Purple Radio

England;
- Broadcast area: Westminster
- Frequency: DAB: 11B DRg London

Programming
- Format: House, dance and pop music; gay and lesbian news and entertainment, live club broadcasts

Ownership
- Owner: Purple Radio

= Purple Radio (London) =

Purple Radio was an internet and British digital radio station for a gay, lesbian and gay-friendly audience. It was available on a DAB multiplex in London and also online. It was the first full-time gay and lesbian radio station and broadcast 24 hours a day, with live broadcasts from a different nightclub every night.

Purple Radio was launched in 2001 and merged with Gaydar Radio in 2003.

==Format==
The station played a mix of dance and mainstream pop music, interspersed with chat and news. Live shows took place during the day, with Programme Controller Pete Flynn (who now runs SFM Radio) presenting the breakfast show at launch.

Purple Radio's unique programming came in the form of close involvement with London's gay and lesbian nightclubs. Early evening programming saw DJs introducing their favourite tracks to listeners in a unique mix of chat and music.

From 10pm each night the station broadcast live from a different nightclub, using ISDN codec including Heaven (nightclub).

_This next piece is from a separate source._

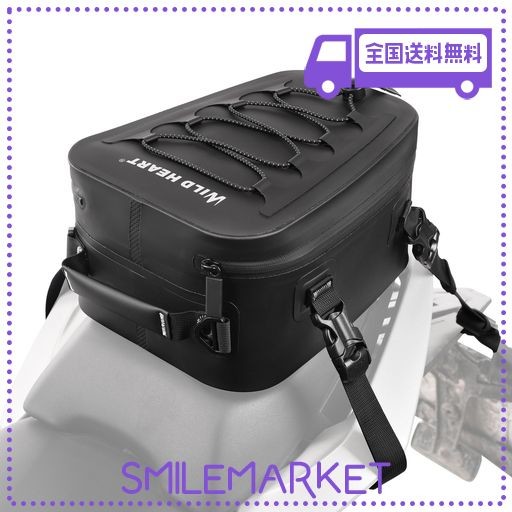 WILD オートバイテールバッグ/タンクバッグ防水多機能後部座席荷物サドルバッグバイク用 6L (6L ROPE BLACK)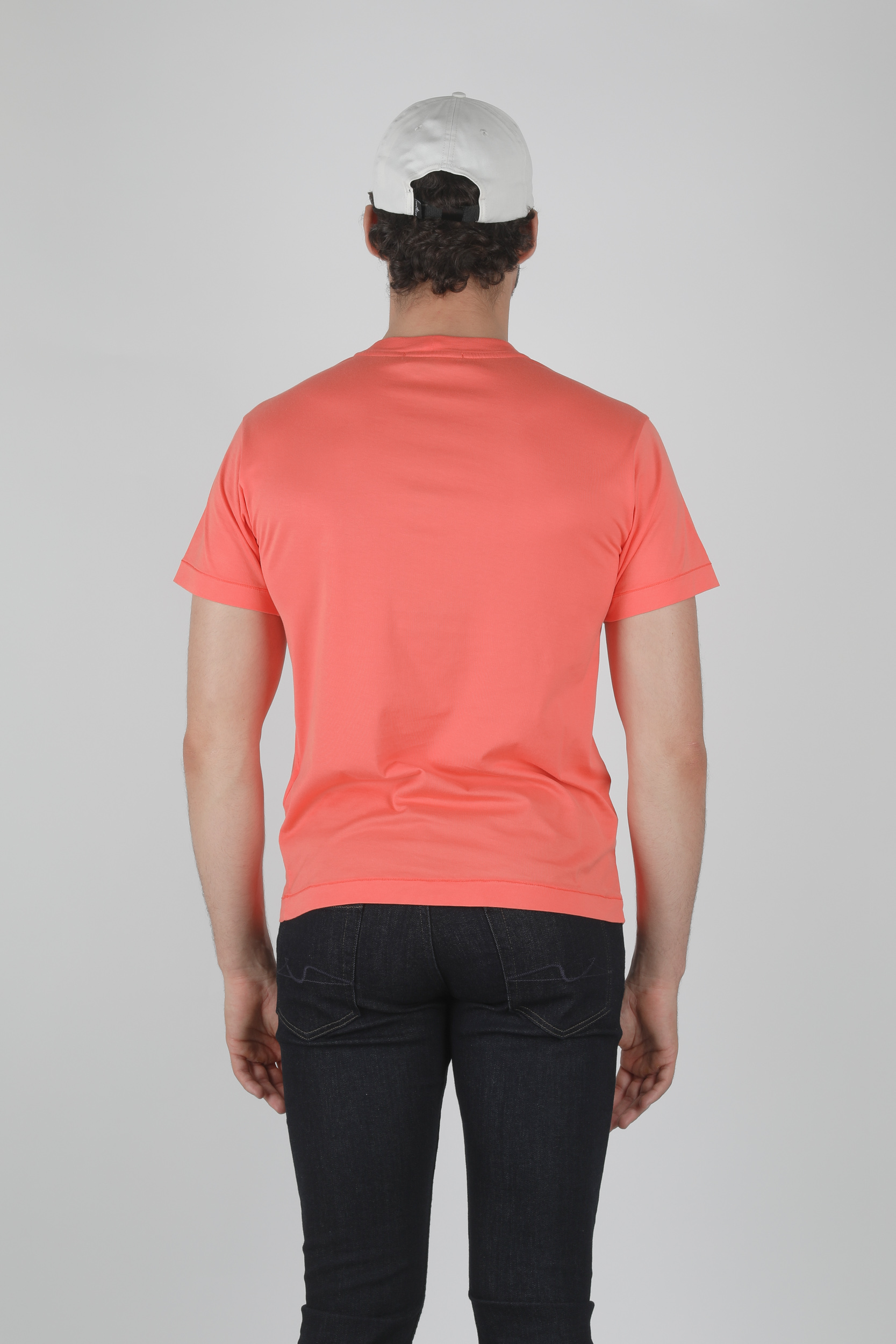 TEE-SHIRT STONE ISLAND CORAIL 721524113-V0037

The station was based above London's Hanover Grand nightclub, a grand nightspot which was later demolished to make way for a shopping centre just off London's Oxford Street.

Originally broadcast over the internet, the station was one of the first to start broadcasting on British digital radio station a short time after the BBC launched its first digital station

Purple Radio used the tagline "The Digital Soundtrack to Gay Life in London" and also "The World's Fastest Growing Radio Station".

==History==
Purple Radio was launched in 2001 with the backing of Kelvin MacKenzie and Lord Waheed Alli, and was a part of a bouquet of services provided by the Digital Radio Group (then part of the GWR Group).

In 2003, to save costs, the station took the decision to merge with Gaydar Radio. Gaydar Radio eventually took the decision not to continue with Purple Radio as a separate output and put in a submission to the Radio Authority to take over Purple's frequency, and gained a DAB outlet on the London 3 Digital multiplex in 2004. Gaydar Radio then was taken on by Gaydio, which broadcasts in cities across the UK today.

==Notable presenters==
- Pete Flynn (Programme Director)
- Cristo Foufas
- Terry Nunn (presented Terry's Top Tunes)
- Mark Young (the on-air name of Communications Manager Colm Howard-Lloyd)
- Nicholas Chistostomou (of club Coco Lattee)
- Simon Hobart (of club Popstarz)
- Jason McCrossan
- Steve Power
- Neil Veglio
- Tobyn Cleeves

==Purple in the Park==
To help market the radio station, and to revive the dormant Summer Rites festival, the radio station launched a two-day music festival in 2002.

Acts for the 50,000 capacity festival included Grace Jones and Yoko Ono.